Theory of Mind Breakthrough: AI Consciousness & Disagreements at OpenAI [GPT 4 Tested]


Transcript

Evidence released in the last 48 hours combined with this study from four weeks ago will revolutionize how AI and models such as GPT-4 interact with humans from now on. The theory of mind breakthrough will also have significant implications for our ability to test for artificial consciousness. To be clear this is not to say that GPT-4 is currently conscious or that sentience is an AI inevitability but instead this video is to cover and explain this unexpected development which may in part have led the chief scientist of open AI to say this three days ago.

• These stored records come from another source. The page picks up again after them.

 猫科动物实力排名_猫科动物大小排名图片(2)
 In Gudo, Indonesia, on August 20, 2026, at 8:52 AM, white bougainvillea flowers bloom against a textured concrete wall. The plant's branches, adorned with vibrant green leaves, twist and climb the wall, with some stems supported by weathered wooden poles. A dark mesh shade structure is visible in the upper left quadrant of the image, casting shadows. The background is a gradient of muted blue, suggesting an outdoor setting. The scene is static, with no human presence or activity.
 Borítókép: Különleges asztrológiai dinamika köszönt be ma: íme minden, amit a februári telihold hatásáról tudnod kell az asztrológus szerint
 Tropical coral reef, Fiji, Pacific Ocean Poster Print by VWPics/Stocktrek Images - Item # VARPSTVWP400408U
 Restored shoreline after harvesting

But maybe we are now reaching a point where the language of psychology is starting to be appropriate to understand the behavior of these neural networks. First I'm going to explain what emergent property the study uncovered then I will cover the disagreement between the two and the difference between the two.

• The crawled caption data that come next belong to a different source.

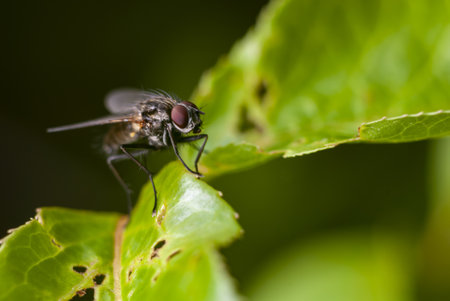 A closeup of a black fly sitting on the green leaf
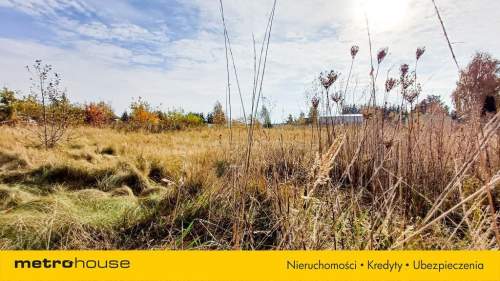 Działka 1246 m2, na sprzedaż - Nieżywięć.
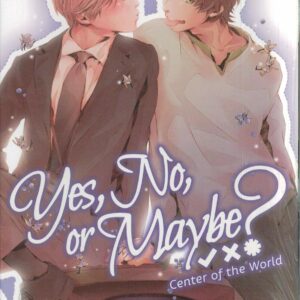 YES NO OR MAYBE LIGHT NOVEL #2: Center of the World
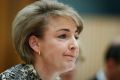 Employment Minister Senator Michaelia Cash during a Senate estimates hearing in October.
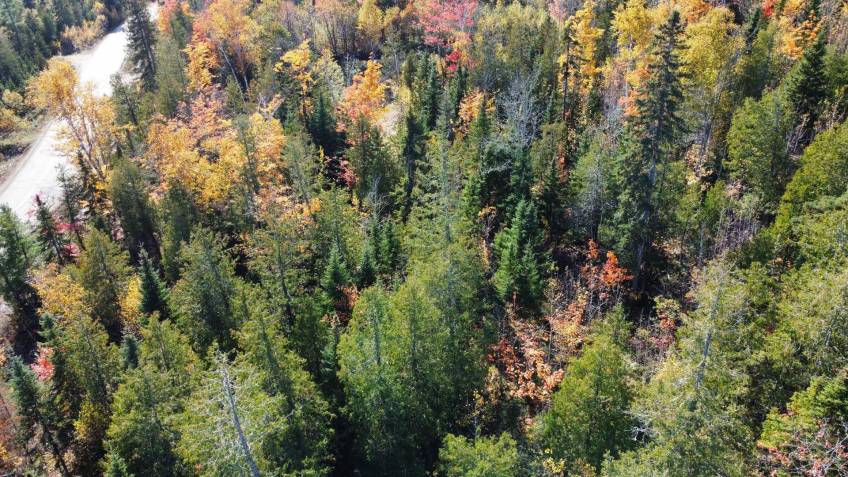 4 - Terrain et terre à vendre, Petite-Rivière-Saint-François (Code - pr859, Charlevoix)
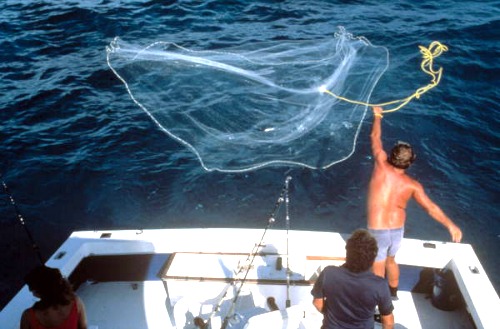 Casting For Ballyhoo Baitfish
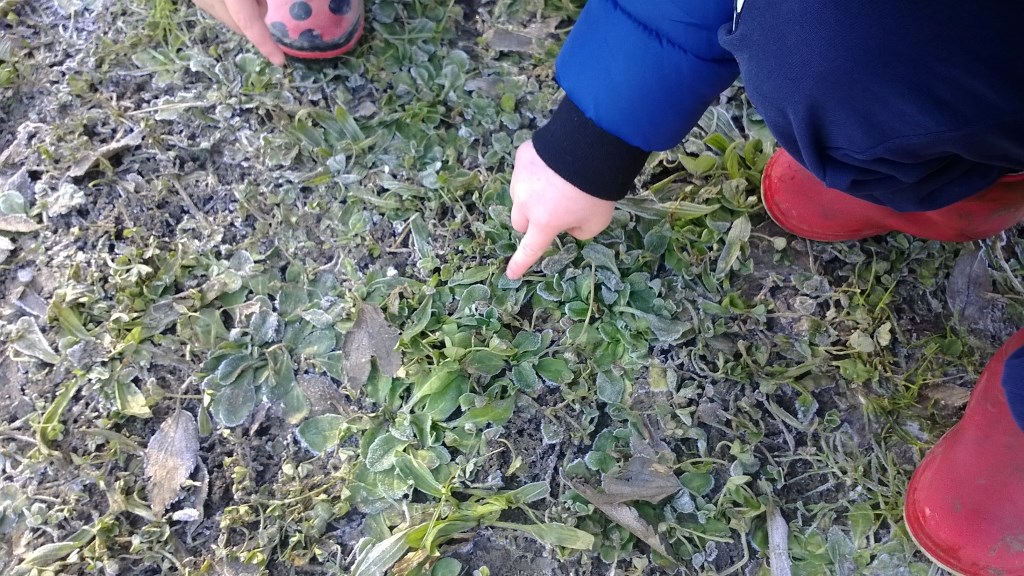Un'immagine che ritrae verde, tappezzante e erba.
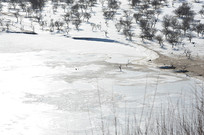 ѩ��������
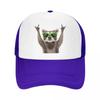 Custom Funny Green Sunglasses Raccoon Trucker Hat for Unisex Women Adjustable Unisex Baseball Cap Outdoor Dad Hat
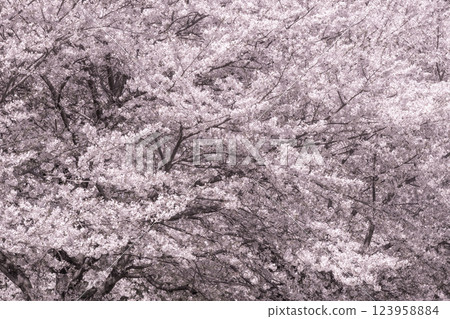 櫻花盛開 櫻花盛開 123958884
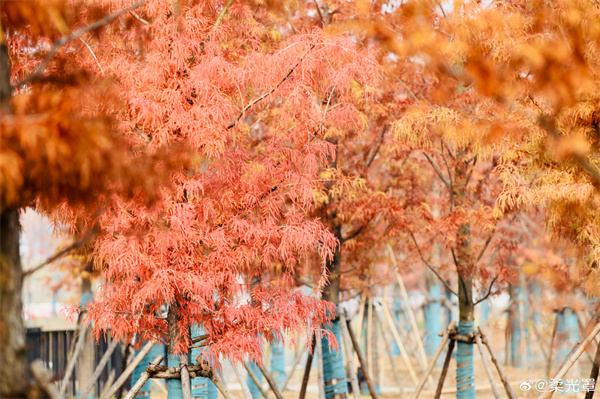 圖說(shuō)淮南——告別2024  ???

First I'm going to explain what emergent property the study uncovered then I will cover the disagreement between the two. First I'm going to at the top of open AI about what evidence like this might mean for our estimates of current GPT-4 consciousness. Here's Greg Brockman president of open AI on the topic.

First question you know the sentience question at what point do the systems have moral you know moral value and the answer today is definitely not um but you know I am not I don't know we need to engage some moral philosophers to help answer some of these questions. I'm then going to review the entire literature on tests for sentience and show that GPT-4 passes most of the tests that are done in most of them which is definitely not to say that it is conscious but which does provoke important questions.

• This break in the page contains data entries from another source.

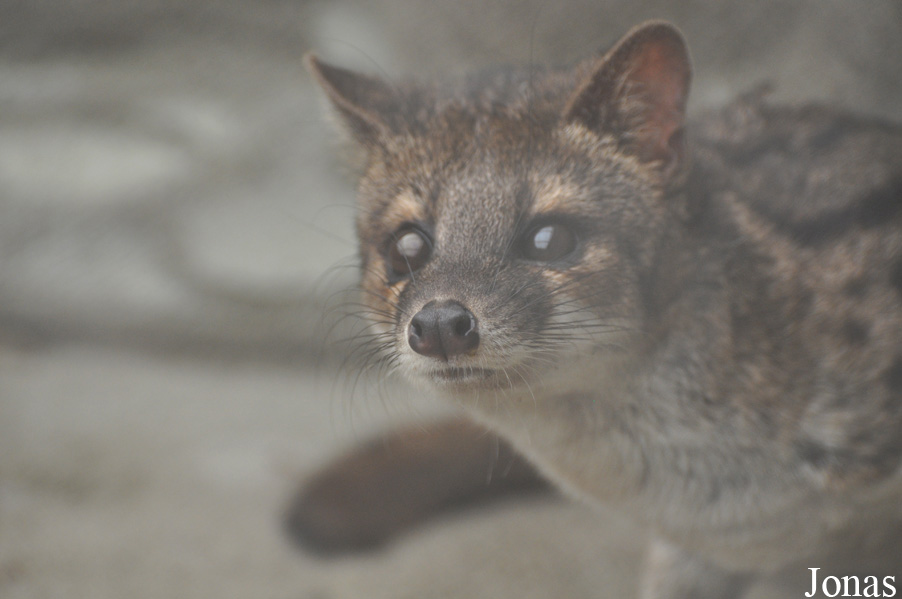 Fossa fossana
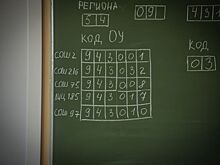 В Новосибирской области около 200 преступников сдают ОГЭ и ЕГЭ в 2024 году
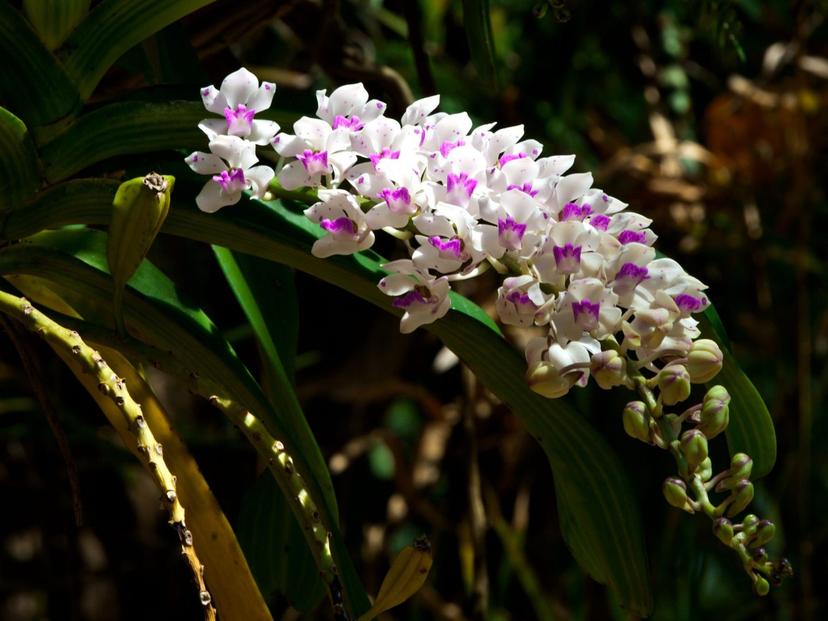 Chang Kra Orchid Park Wat Pa Manchakhiri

I'll end with arguably the most prominent consciousness expert and his probability estimate of current models is consciousness. To massively simplify theory of mind means having an idea of what is going on in other people's heads and grasping what they believe even if what they believe might be false. Here are the two charts that encapsulate the breakthrough abilities of GPT-3.5 and now GPT-4.

This data came out in a study authored by Michael Kaczynski a computational psychologist and professor at Stanford. I'm going to simplify all of this in a moment but notice the percentage of theory of mind tasks solved by GPT-4 compared to say a child and also compared to earlier language models.

Models released as recently as three years ago had no ability in this regard. Before I show you what for example an unexpected contents task is let me show you this other chart. This one is on understanding faux pas a closely related ability and again GPT-3.5 and particularly GPT-4 soaring ahead of other models and even matching the abilities of healthy adults.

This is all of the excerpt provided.